Exercise prompt: I'd like every entry returned exactly as it is, with the images left out.

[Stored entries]
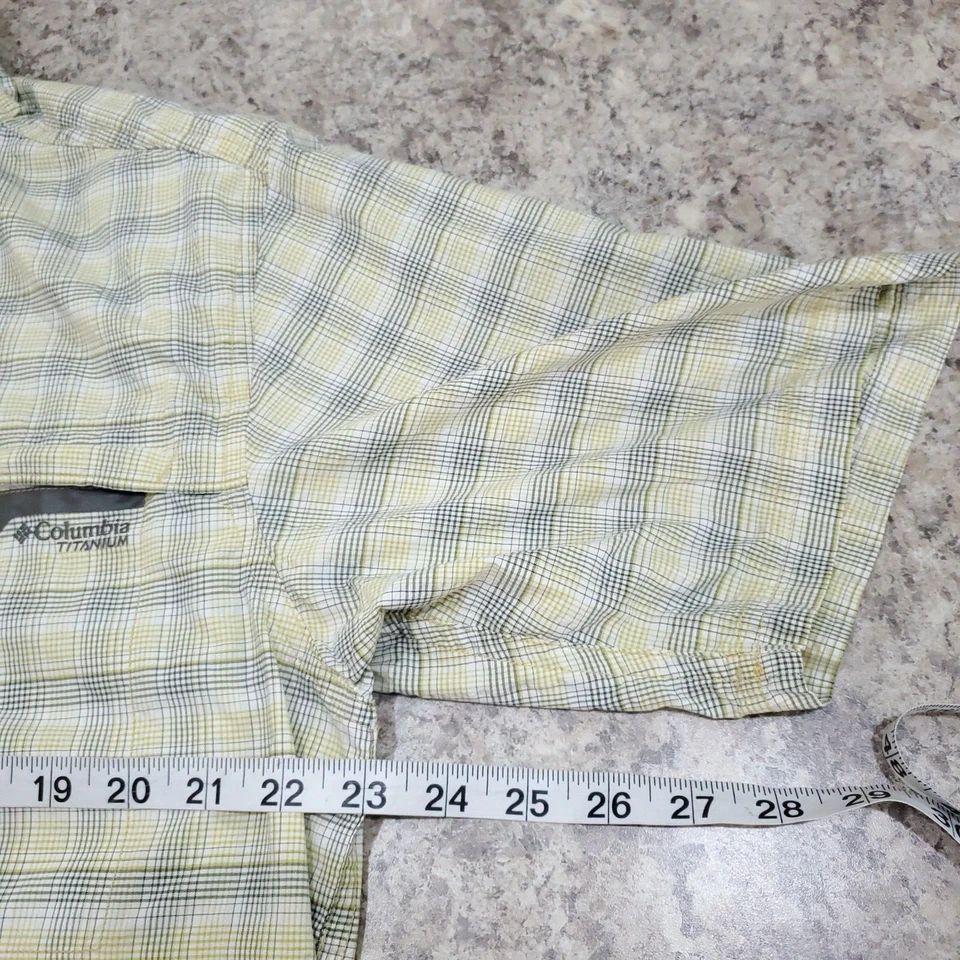 Columbia Shirt Men Xlarge Short Sleeve Green Fishing Sportswear Outdoor Beach XL - Image 4 of 4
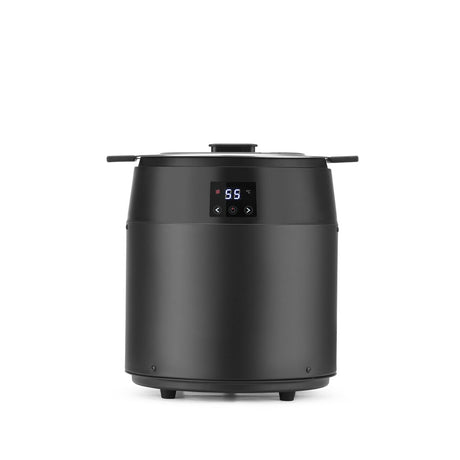 Incalzitor supa Hendi, electric, negru, utilizare fara apa, 40°C - 90°C, 10L, 450w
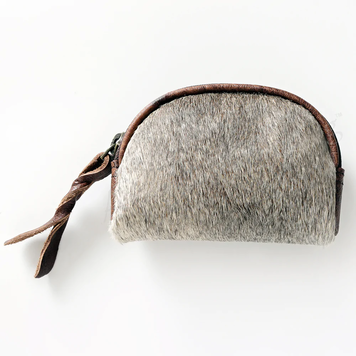 American Darling Hair On Zipper Coin Purse Brindle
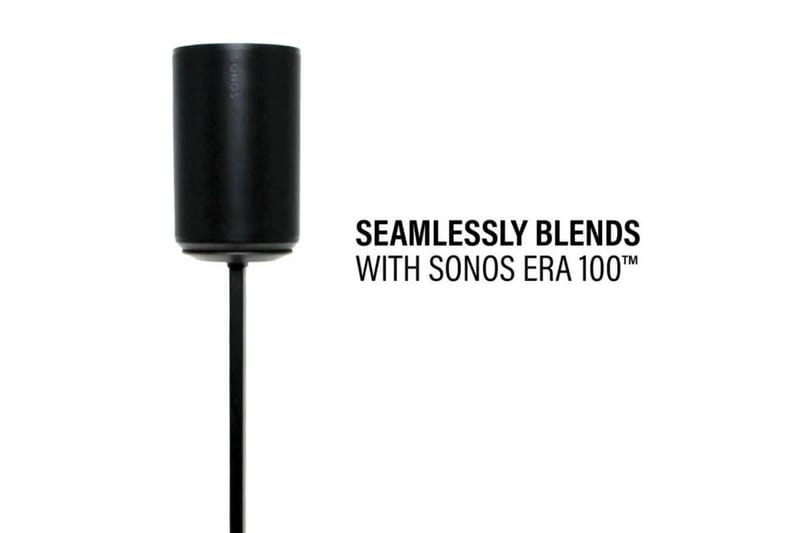 Lattiaständi Sanus Sonos ERA 100:lle - Musta - Huonekalut - TV- & Mediakalusteet - Mediajalusta & seinäteline - Kaiutinjalusta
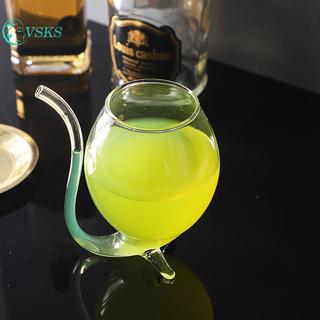 Chenlongshang Rượu Whisky Thủy Tinh Chịu Nhiệt Suing Nước Uống Sữa Ống Hút Cốc Sáng Tạo Rượu Ly Thủy Tinh Chất Lượng Cao EN
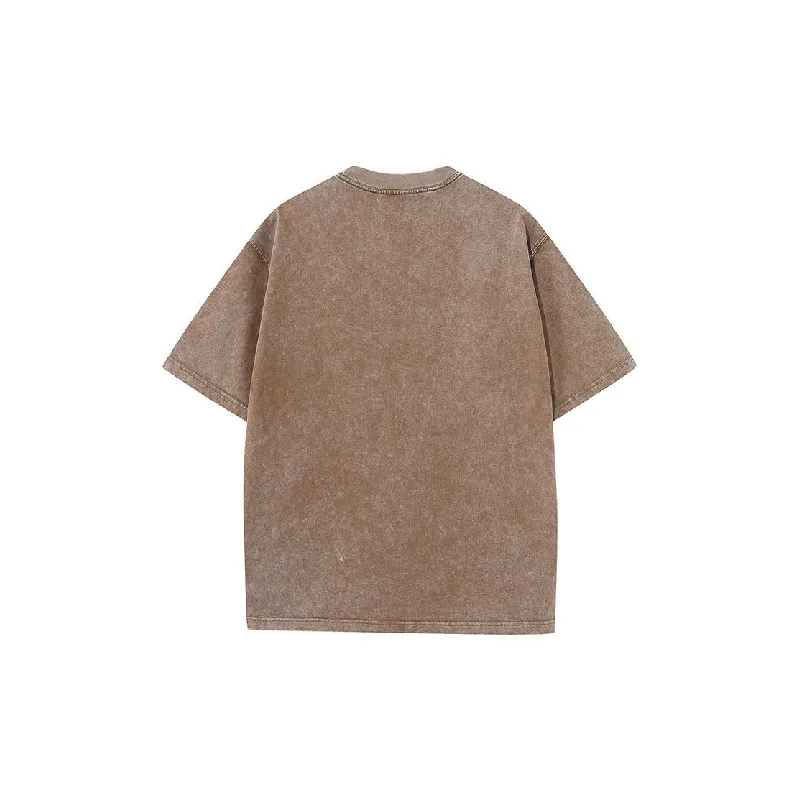 Fashionable Washed 100% Cotton T Shirt-3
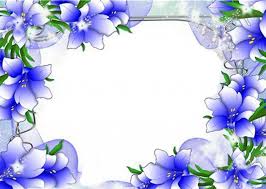 Cute Blue Beautifull Flowers Border Design 2014 15 Floral Border Design Flower Border Page Borders Design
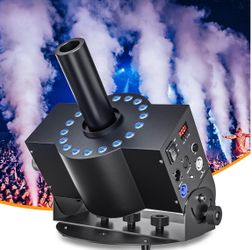 CO2 Jet Machine, 300W CO2 Cannon with LED Lights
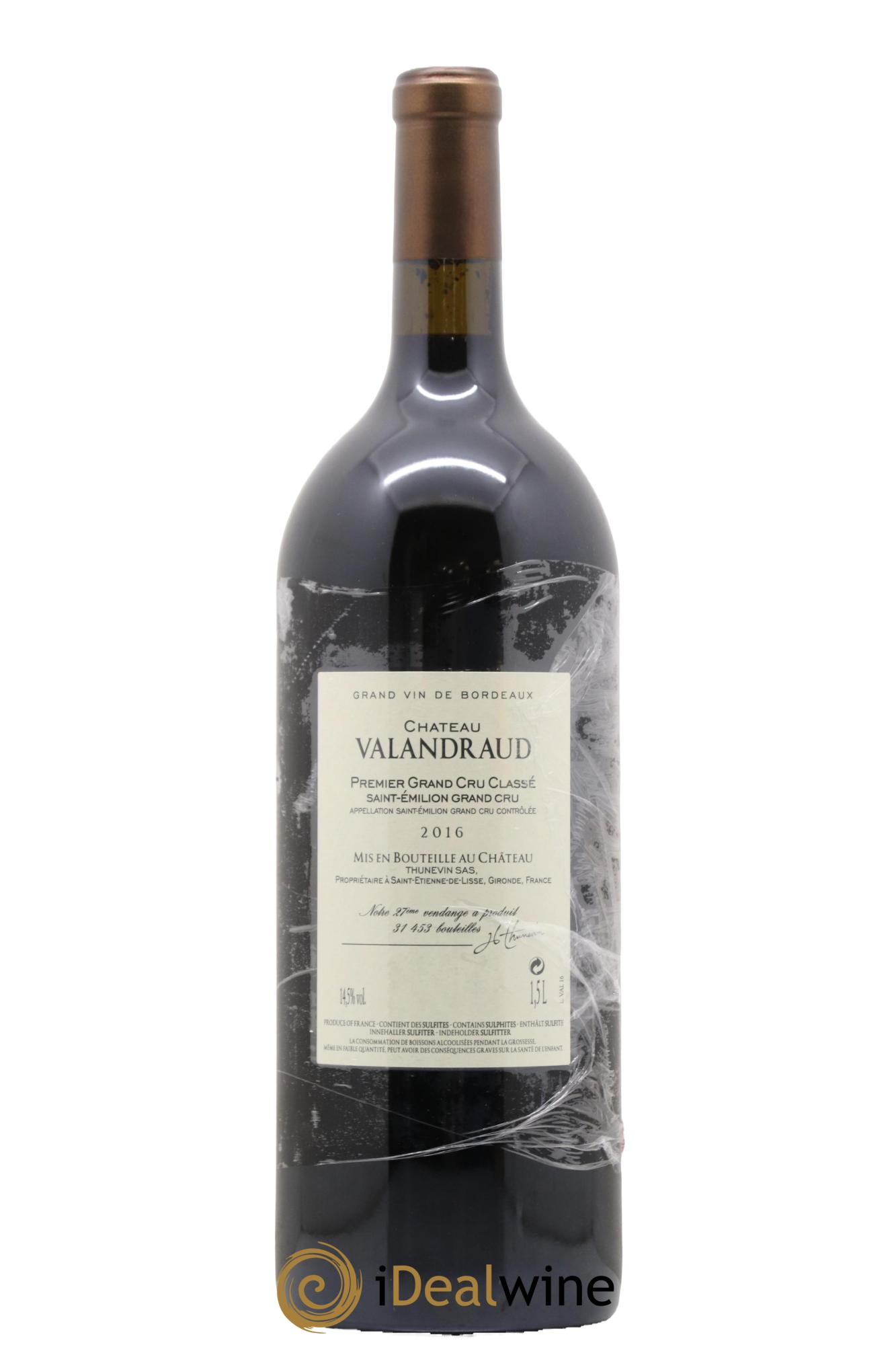 Château de Valandraud 1er Grand Cru Classé B depuis 2012 2016 - Lot of 1 magnum - 2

Final answer:
 Columbia Shirt Men Xlarge Short Sleeve Green Fishing Sportswear Outdoor Beach XL - Image 4 of 4
 Incalzitor supa Hendi, electric, negru, utilizare fara apa, 40°C - 90°C, 10L, 450w
 American Darling Hair On Zipper Coin Purse Brindle
 Lattiaständi Sanus Sonos ERA 100:lle - Musta - Huonekalut - TV- & Mediakalusteet - Mediajalusta & seinäteline - Kaiutinjalusta
 Chenlongshang Rượu Whisky Thủy Tinh Chịu Nhiệt Suing Nước Uống Sữa Ống Hút Cốc Sáng Tạo Rượu Ly Thủy Tinh Chất Lượng Cao EN
 Fashionable Washed 100% Cotton T Shirt-3
 Cute Blue Beautifull Flowers Border Design 2014 15 Floral Border Design Flower Border Page Borders Design
 CO2 Jet Machine, 300W CO2 Cannon with LED Lights
 Château de Valandraud 1er Grand Cru Classé B depuis 2012 2016 - Lot of 1 magnum - 2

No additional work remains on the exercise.